──────── MATERIAL PROVIDED ────────
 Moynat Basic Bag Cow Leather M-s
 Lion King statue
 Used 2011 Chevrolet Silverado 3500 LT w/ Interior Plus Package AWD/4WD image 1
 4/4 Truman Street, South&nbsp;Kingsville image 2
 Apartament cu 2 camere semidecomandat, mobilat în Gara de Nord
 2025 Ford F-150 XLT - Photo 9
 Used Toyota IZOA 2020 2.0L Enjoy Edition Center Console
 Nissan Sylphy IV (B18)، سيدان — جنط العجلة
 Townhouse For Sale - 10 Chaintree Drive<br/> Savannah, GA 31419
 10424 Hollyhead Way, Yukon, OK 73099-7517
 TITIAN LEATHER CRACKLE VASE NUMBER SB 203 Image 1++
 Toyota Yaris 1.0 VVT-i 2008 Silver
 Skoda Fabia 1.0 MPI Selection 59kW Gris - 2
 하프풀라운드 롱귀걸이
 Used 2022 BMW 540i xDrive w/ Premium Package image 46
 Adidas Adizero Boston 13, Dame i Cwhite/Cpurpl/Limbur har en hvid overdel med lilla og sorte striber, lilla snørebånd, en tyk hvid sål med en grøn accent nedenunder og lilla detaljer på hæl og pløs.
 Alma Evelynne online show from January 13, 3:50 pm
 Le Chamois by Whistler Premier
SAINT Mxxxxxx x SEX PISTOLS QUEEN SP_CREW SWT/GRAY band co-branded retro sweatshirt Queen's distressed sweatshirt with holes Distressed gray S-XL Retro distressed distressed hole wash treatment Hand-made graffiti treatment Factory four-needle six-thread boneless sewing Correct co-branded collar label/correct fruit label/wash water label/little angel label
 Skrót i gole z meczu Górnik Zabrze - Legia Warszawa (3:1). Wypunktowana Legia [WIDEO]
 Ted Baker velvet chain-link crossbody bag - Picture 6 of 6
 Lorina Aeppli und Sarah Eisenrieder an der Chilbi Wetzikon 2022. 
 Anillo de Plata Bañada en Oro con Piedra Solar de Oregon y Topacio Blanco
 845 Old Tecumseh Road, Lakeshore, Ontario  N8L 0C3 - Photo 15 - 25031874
────────
▶ _EXERCISE REQUIREMENTS_
In the listing above, locate the line containing "Used 2011 Chevrolet" and the line containing "Le Chamois by Whistler Premier". Extract those two lines and every line between them, exactly as written, and only those.

▶ _THE ANSWER_
 Used 2011 Chevrolet Silverado 3500 LT w/ Interior Plus Package AWD/4WD image 1
 4/4 Truman Street, South&nbsp;Kingsville image 2
 Apartament cu 2 camere semidecomandat, mobilat în Gara de Nord
 2025 Ford F-150 XLT - Photo 9
 Used Toyota IZOA 2020 2.0L Enjoy Edition Center Console
 Nissan Sylphy IV (B18)، سيدان — جنط العجلة
 Townhouse For Sale - 10 Chaintree Drive<br/> Savannah, GA 31419
 10424 Hollyhead Way, Yukon, OK 73099-7517
 TITIAN LEATHER CRACKLE VASE NUMBER SB 203 Image 1++
 Toyota Yaris 1.0 VVT-i 2008 Silver
 Skoda Fabia 1.0 MPI Selection 59kW Gris - 2
 하프풀라운드 롱귀걸이
 Used 2022 BMW 540i xDrive w/ Premium Package image 46
 Adidas Adizero Boston 13, Dame i Cwhite/Cpurpl/Limbur har en hvid overdel med lilla og sorte striber, lilla snørebånd, en tyk hvid sål med en grøn accent nedenunder og lilla detaljer på hæl og pløs.
 Alma Evelynne online show from January 13, 3:50 pm
 Le Chamois by Whistler Premier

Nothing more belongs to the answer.